The present invention is not limited to the above embodiments, and various modifications may be made without departing from the scope of the general inventive concept.

Claims

1. An optical pick-up apparatus that irradiates a disk with laser light emitted from a laser light source and uses a photodetector to receive the laser light reflected by the disk to thereby perform recording/reproduction onto/from the disk, comprising:

a laser diode driver that drives the laser light source;

an upper cover that serves as heat radiation means for radiating heat generated by the laser diode driver; and

an optical base that serves as heat radiation means for radiating heat generated by the laser light source and photodetector.

2. The optical pick-up apparatus according to claim 1, wherein

the laser diode driver is thermally coupled to the upper cover and is thermally isolated from the optical base.

3. The optical pick-up apparatus according to claim 1, wherein

the laser light source and photodetector are thermally coupled to the optical base.

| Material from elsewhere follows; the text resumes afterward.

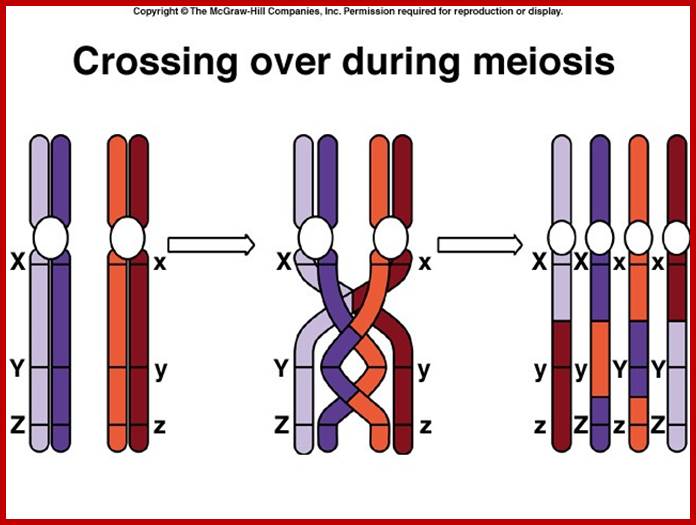 Description: http://www.uic.edu/classes/bios/bios100/lecturesf04am/crossingover01.jpg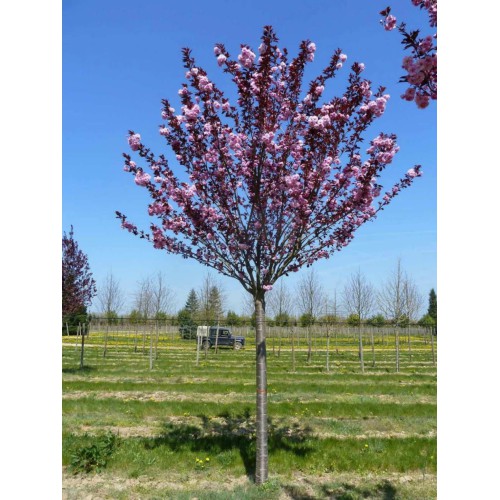 Саджанці сакури на штамбі Бургунді (привитий)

4. The optical pick-up apparatus according to claim 2, wherein

the upper cover is made of a highly heat conductive material and includes a cover for heat generation source that radiates heat generated by the laser diode driver and an entire cover that radiates heat generated from the entire optical pick-up apparatus.

5. The optical pick-up apparatus according to claim 2, wherein

the upper cover has a cross-section formed into U-like shape that surrounds the laser diode driver and a printed circuit on which the laser diode driver is mounted.

6. The optical pick-up apparatus according to claim 2, wherein

the laser diode driver and optical base are thermally isolated from each other by a low heat conductive backing board.

7. The optical pick-up apparatus according to claim 4, wherein

the cover for heat generation source has convex and concave portions.

8. The optical pick-up apparatus according to claim 2, wherein

the laser diode driver and the upper cover are thermally coupled to each other through a heat transfer material or heat dissipation agent.

9. The optical pick-up apparatus according to claim 4, wherein

the laser diode driver and the upper cover are thermally coupled to each other through a heat transfer material or heat dissipation agent.

10. The optical pick-up apparatus according to claim 1, wherein

the laser diode driver is disposed at the position spaced apart from the laser light source and photodetector.

11. The optical pick-up apparatus according to claim 2, wherein

the laser diode driver is disposed at the position spaced apart from the laser light source and photodetector.

12. The optical pick-up apparatus according to claim 3, wherein

the laser diode driver is disposed at the position spaced apart from the laser light source and photodetector.

13. An optical disk apparatus including an optical pick-up apparatus that forms a laser diode beam spot on a recording medium to perform recording/reproduction of information, the optical pick-up apparatus being the optical pick-up apparatus as claimed in claim 1.

14. An optical disk apparatus including an optical pick-up apparatus that forms a laser diode beam spot on a recording medium to perform recording/reproduction of information, the optical pick-up apparatus being the optical pick-up apparatus as claimed in claim 2.

15. An optical disk apparatus including an optical pick-up apparatus that forms a laser diode beam spot on a recording medium to perform recording/reproduction of information, the optical pick-up apparatus being the optical pick-up apparatus as claimed in claim 3.

16. An optical disk apparatus including an optical pick-up apparatus that forms a laser diode beam spot on a recording medium to perform recording/reproduction of information, the optical pick-up apparatus being the optical pick-up apparatus as claimed in claim 4.